EL CUENTO POR SU AUTOR

La literatura es una manera de aproximarnos al enigma de la existencia. Hay otras maneras, algunos hacen deportes extremos, otros meditan.

Uno de los enigmas que me interesa explorar, tanto cuando leo (lo que busco leer) como cuando escribo, es el universo de los vínculos y cómo estos se construyen sobre los escombros del pasado. Es inexorable, no hay nadie que zafe de eso, como tampoco del paso del tiempo y de la muerte.

Por eso, cuando trabajo sobre una historia, me obligo a responder: ¿Qué le sucedió, a esta persona protagonista en su pasado para que ahora (el presente del relato) se comporte de ese modo y no de otro modo?
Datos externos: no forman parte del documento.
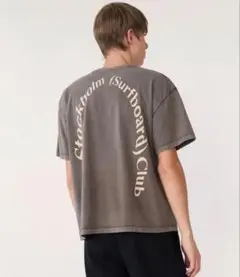 ▪️ Stockholm Surfboard Club バックプリント ロンT - メルカリ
Me exijo además que la respuesta a esa pregunta no sea inespecífica. Busco, localizo, para finalmente hacer foco en escenas concretas. Busco, creo, invento esas imágenes o sucesos que hacen que en el ahora -presente narrativo- el personaje tome tal o cual decisión. Luego, esa línea de vida que construyo para justificar el comportamiento, puede estar o no en el texto. En lo que Ricardo Piglia llama en su "Tesis sobre el cuento", la Historia 1, la que se lee, lo que se ve y se dice en un texto. De lo que intento asegurarme es de que eso que construyo artficialmente, funcione dando cuerpo y profundidad a la historia. Lo que Piglia llama la Historia 2, lo que no está a la vista pero opera en los intersticios del texto.

Este cuento en particular quedó fuera de mi último libro, Date cuenta de tu suerte, que se publicó a fin del año pasado en La parte maldita. La historia no era compatible con el simbolismo que exigía el corpus total del libro. A pesar de que -curiosamente- lo último que dice su protagonista coicnide con el título del libro. Claro que eso no le alcanzó para hacerse un lugar en la sinfónica que supone el armado de un libro. Por otra parte creo que no es necesario -ni conveniente- decirlo todo de una vez.


INTENSIDAD MEDIA

“Querías tu senderito, ahí tenés tu senderito”, le encantaría gritarle eso a su marido que camina adelante con el nene. Pero el grito le queda atravesado en el esternón y la oprime tanto que puede sentirlo, darle forma: una piedra gris entre la boca y el estómago. La reikista le dijo que la ira que no expulsa se convierte en cáncer, porque durante la duermevela de la última sesión se vio a sí misma flotando en una balsa blanca y brillante sobre un río de mierda.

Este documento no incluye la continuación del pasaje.